- **What is being asked**: Whenever a picture appears, leave it out while repeating all the other data exactly.

- **Data block**:
________________________________________

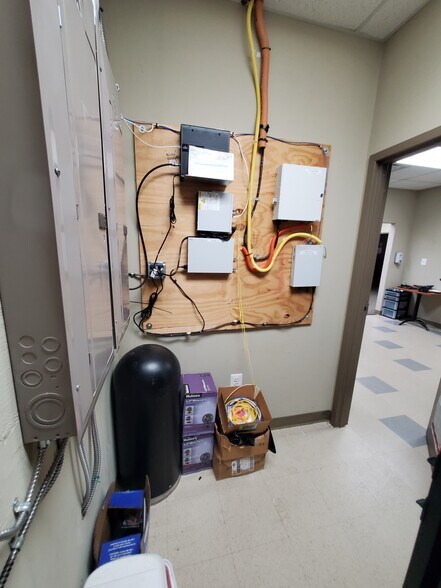 More Photos Of 3619 Richmond Hwy, Stafford Light Distribution For Sale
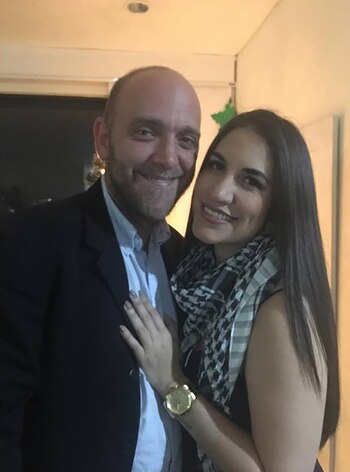 Alejandro Médez y su esposa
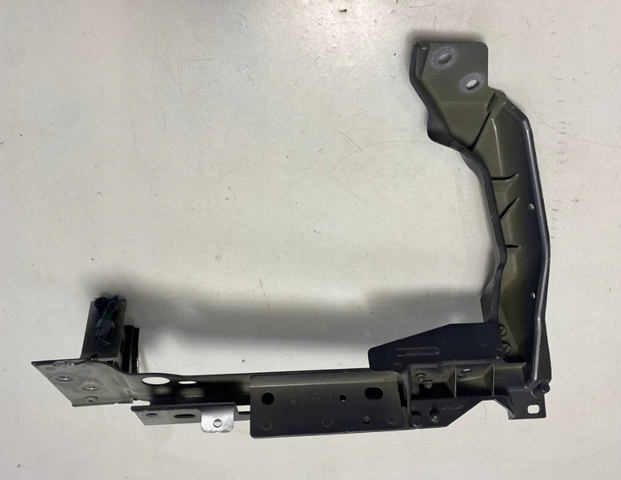 LR152525 Land Rover Рамка радиатора правая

________________________________________

- **Solution to this exercise**:
 More Photos Of 3619 Richmond Hwy, Stafford Light Distribution For Sale
 Alejandro Médez y su esposa
 LR152525 Land Rover Рамка радиатора правая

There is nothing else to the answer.